Success that Exceeds Sanctification
A couple of weeks ago I wrote a short series of articles on The Lost Sin of Envy, saying that envy is a sin that few of us still have a category for and, therefore, a sin that many of us have unwittingly fallen prey to. As I studied envy, I saw mounting evidence of it in my life and as I shared what I had learned, I guess quite a few of you saw its presence in yourself as well. It’s strange how sin can sit like that, hidden in plain sight.
The heart of envy is the feeling that comes over a person when he sees another person’s success or advantage. When I see a person succeeding in an area where I long to be admired and acknowledged, that person’s success somehow calls me into question. His success makes me feel like a failure; the love people have for him makes me feel hated. Eventually the feeling begins to take action, usually in grumbling against God and in gossiping against the person. Eventually, of course, it proceeds into deeper and darker territory.

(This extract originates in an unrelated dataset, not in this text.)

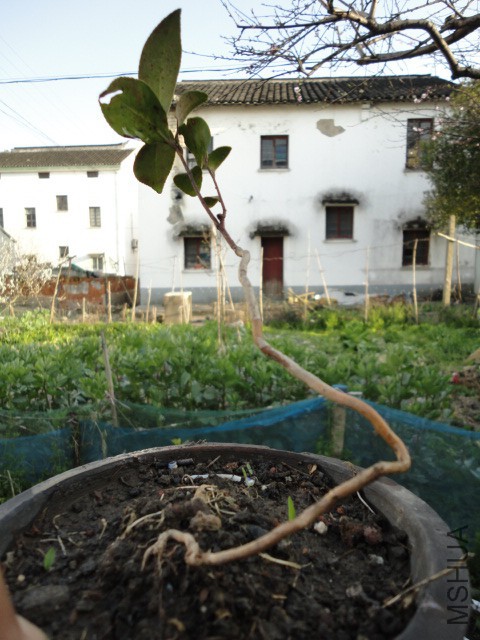 DSC06707.JPG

Through my study of envy I came to see that I am prone to this sin and that I will need to be constantly vigilant against it. While writing those articles brought me face-to-face with the sin, it certainly did not destroy its power in my life. Envy remains, and I continue to fight against it.

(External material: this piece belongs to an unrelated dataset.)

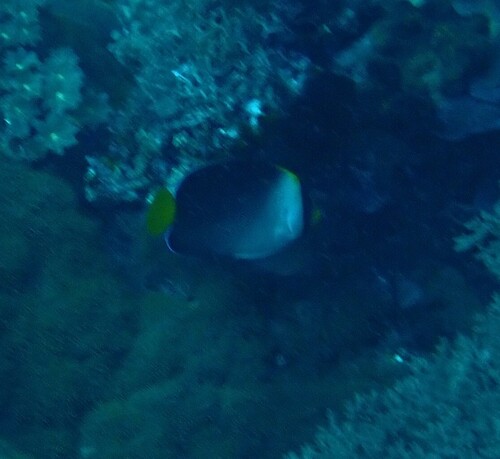 Chaetodontoplus observed 2026-10-17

Those articles generated a lot of discussion, including one between myself and some of the men of my church. As we discussed envy I found myself challenged by a thought which became a prayer. It was something like this: Do not allow me success that exceeds my sanctification. In retrospect it sounds a little bit odd, but what I came to see is that I may well lack the character to handle a great wave of success. In any area of life or vocation in which I am prone to envy, an area that will be all tangled up in my pride, great success might just crush me. And so I ask God, please don’t give me success that exceeds my sanctification.
I guess this thought come out of the knowledge that envy calls me to lose faith in God’s goodness and sovereignty, and to deny that God expresses his goodness through his sovereignty. My envy is a declaration that I believe that I can be a better god than God, and that if God is truly good and wise, he will give me the success or the advantage that he has given someone else. There is a very dark and anti-God element to all envy.

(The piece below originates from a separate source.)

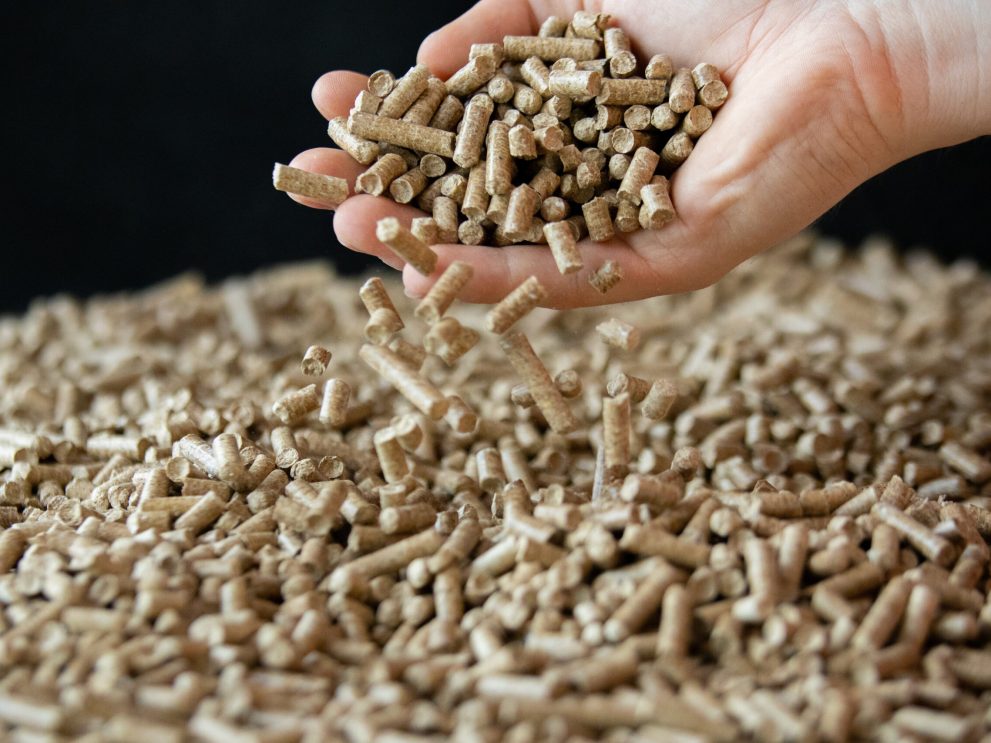 Pellet di legno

However, when I affirm the goodness and sovereignty of God, now I am forced to the conclusion that God is good and wise to give me the level of success he has given; in fact, he has done well to not give me any more. This may be in part because I simply could not handle any more. A godlier man--a man who has spent more time with the Lord, who knows more of the Lord, who has developed greater Christian character, who is not so prone to envy--may be given greater success because he can handle it without falling prey to pride and envy and all the ugliness that attends them. But a wise and loving God has determined that I will not have more than he has given, not for now.
When I can say that God is good to give me what he has given (I will always be tempted to say only what he has given), then I can see that the reason God has not given more may simply be that I cannot handle more. God loves me enough to not give me more than my character will allow me to handle. If he were to give me more, it might harm me and my pride and envy might just drive me away from him. God’s goodness and wisdom and sovereignty inform me in such a way that I can now thank him for giving me exactly what he has given and not a bit more.
And so I ask the Lord not to give me success that exceeds my sanctification. And then I ask that he will make me increasingly holy, that he will grow my Christian character, sanctify me in greater measure, that I may have more success and steward it wisely and for his glory.